With the success of ecommerce companies like Amazon making headlines everyday, IKEA, along with every other retailer in the world is being reminded that retail is evolving and the traditional company finds itself having to learn new tricks.


While late to the online shopping scene, up until 2016, the company was officially present in 28 countries and offered ecommerce in 14 of them. Even with no new ecommerce ventures in 2016,

IKEA recorded at 30% jump in online sales to $1.6 billion, a small fraction of total sales but nonetheless impressive.

“We weren’t one of the early adopters but we’ve matured in our thinking about it,” Peter Agnefjall, former IKEA CEO told the New York Times. “We realised this is not a trend, it’s a megashift.”

The company has never been one to shy away from innovation. Its successes include its in-store cafeteria and very own startup incubatorfocused on food innovation, disruptive technologies, customer experience, disruptive design, sustainability, manufacturing, supply chain, and analytics.

It’s not then surprising to learn that IKEA has become one of the first to actually incorporate VR into its brand new mobile app launched only yesterday.

IKEA Place is part of the first wave of augmented reality apps that work with Apple’s new ARKit technology and iOS 11 to allow customers to “place” furniture in their apartments. While late to the show, the company has managed to outpace other pure players.

IKEA ecommerce

IKEA Place uses VR to allow users to easily visual what a piece of furniture will look like in their homes. Source: IKEA

Its push into applications could be attributed to world’s growing affinity for the mobile phone and by analyzing its own customer behavior. In Australia, the company’s website pulls in 40 million visits per year – 50% of which comes from mobile.

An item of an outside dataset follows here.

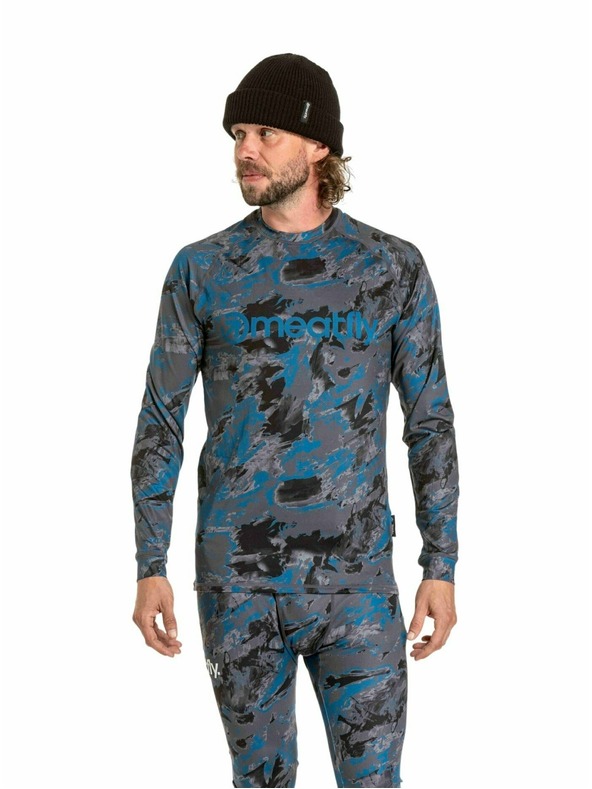 Meatfly Meatfly férfi termo póló Avery Mossy Petrol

At this point in time, IKEA sells its products only on its own websites but has dabbled in the idea of establishing an official presence on Amazon but no confirmation has been made by the company yet.

There has however, been a partnership between IKEA’s “smart light bulbs” and Amazon’s virtual assistant device Echo to promote the latter’s line of smart home products. Owners of IKEA’s voice controlled light bulbs will be able to adjust the brightness of the bulbs through voice command by not only Alexa but Google and Apple’s Siri as well.

IKEA ecommerce

IKEA Smart Light Bulbs controlled by voice command.

“Unlike other companies, IKEA doesn’t fear the cannibalization of offline channels by online channels.

This is not without precedent, IKEA’s UK online store becoming the region’s largest outlet, without absorbing sales from existing stores.

“It’s just one among our many initiatives to make our products available for as many people as possible. And we are seeing big opportunities by leveraging upcoming digital technologies to their fullest,” said Inter IKEA Group Chief Executive Torbjörn Lööf.


IKEA Group is aiming for 50 billion euros in sales for 2020 and to open 18 new stores by end of year. It also has been eyeing growth opportunities in India and Southeast Asia but execution has taken much longer in these emerging markets.

As a fully independently owned company, IKEA must ensure that an average of 30% of the production value of sold goods should be sourced from within India, and within five years of the initial investment. As ecommerce is new to the Scandinavian company, it must test various fulfillment models including pickup points, third-party depots and the use of small-format stores for click and collect.

But the company hasn’t stopped making strides towards its aggressive target and continues to invest heavily in ecommerce. IKEA recently announced that a shoppable IKEA webstore would go live in Singaporein two weeks and in Malaysia in 2018.

IKEA ecommerce

Jesper Brodin, IKEA CEO. Source:

New IKEA CEO Jesper Brodin, who recently succeeded Agnefjall in May this year, will focus on building multi-channel retailing in almost all of its markets before 2017 finishes. He definitely has a tough job ahead moving the giant forward.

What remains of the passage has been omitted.